### EXERCISE DESCRIPTION
Would you restate, word for word, only the lines starting at the one with "DUCK APRON Carhartt Brown" and ending with the final line of the entries below? Pictures stay out.

Entries taken from a collection:
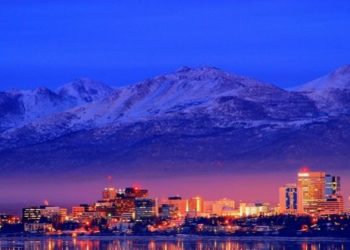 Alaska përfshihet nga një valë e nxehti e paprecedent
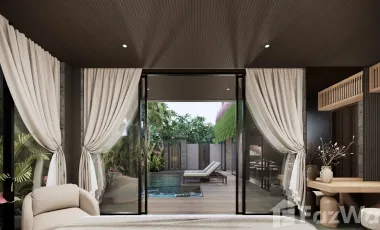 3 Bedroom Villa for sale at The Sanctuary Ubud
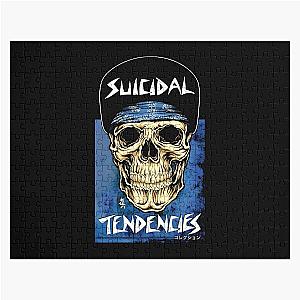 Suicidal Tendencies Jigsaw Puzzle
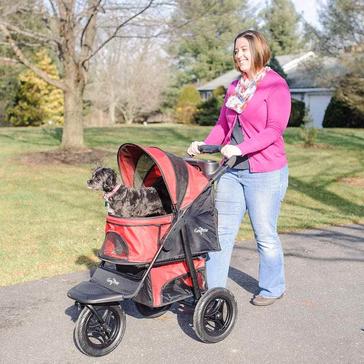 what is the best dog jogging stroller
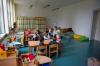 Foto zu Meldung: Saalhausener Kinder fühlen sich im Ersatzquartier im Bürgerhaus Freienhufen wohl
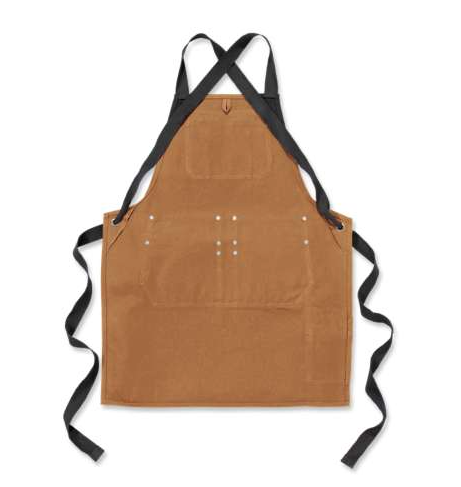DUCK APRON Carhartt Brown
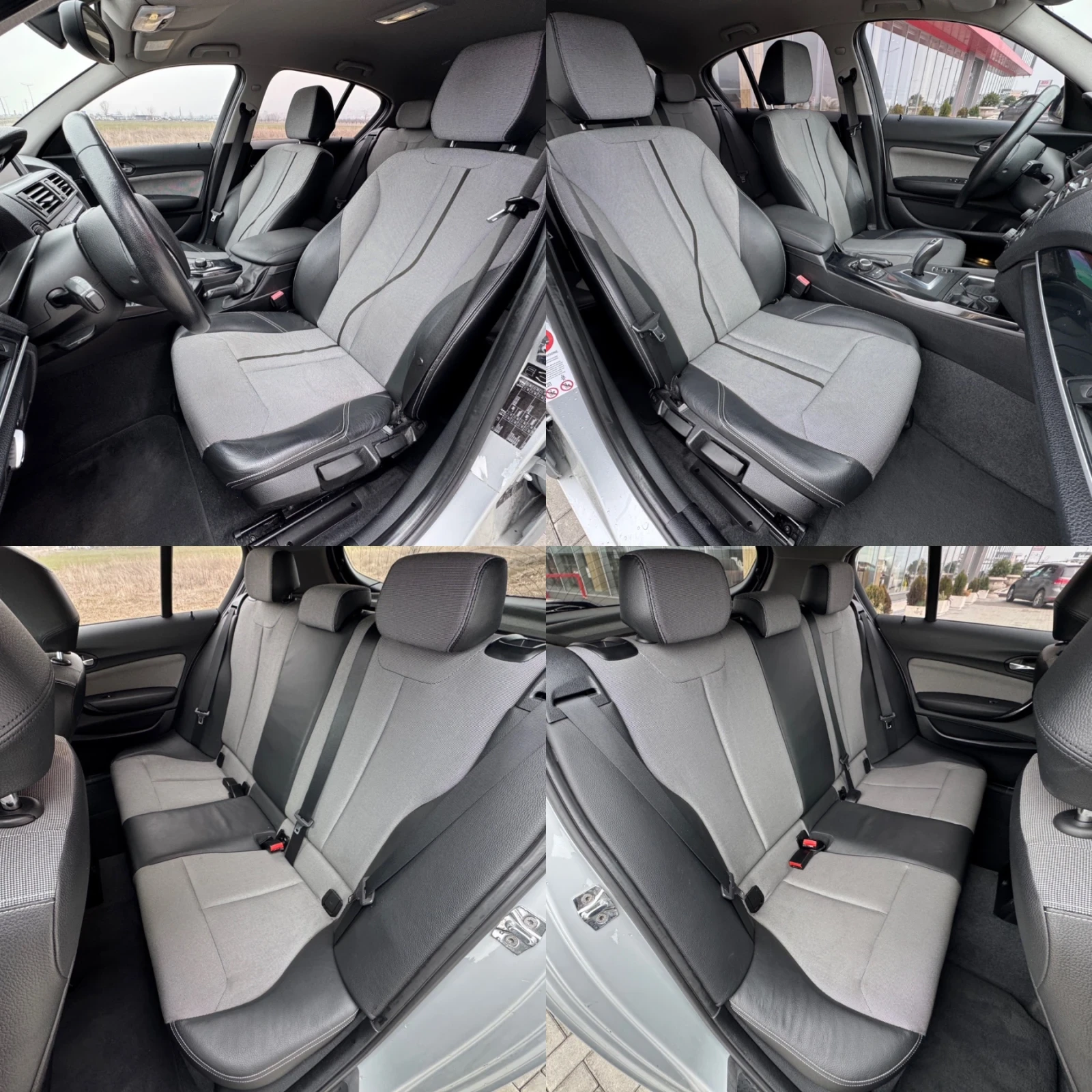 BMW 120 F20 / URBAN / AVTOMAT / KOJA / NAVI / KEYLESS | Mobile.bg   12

### THE ANSWER
DUCK APRON Carhartt Brown
 BMW 120 F20 / URBAN / AVTOMAT / KOJA / NAVI / KEYLESS | Mobile.bg   12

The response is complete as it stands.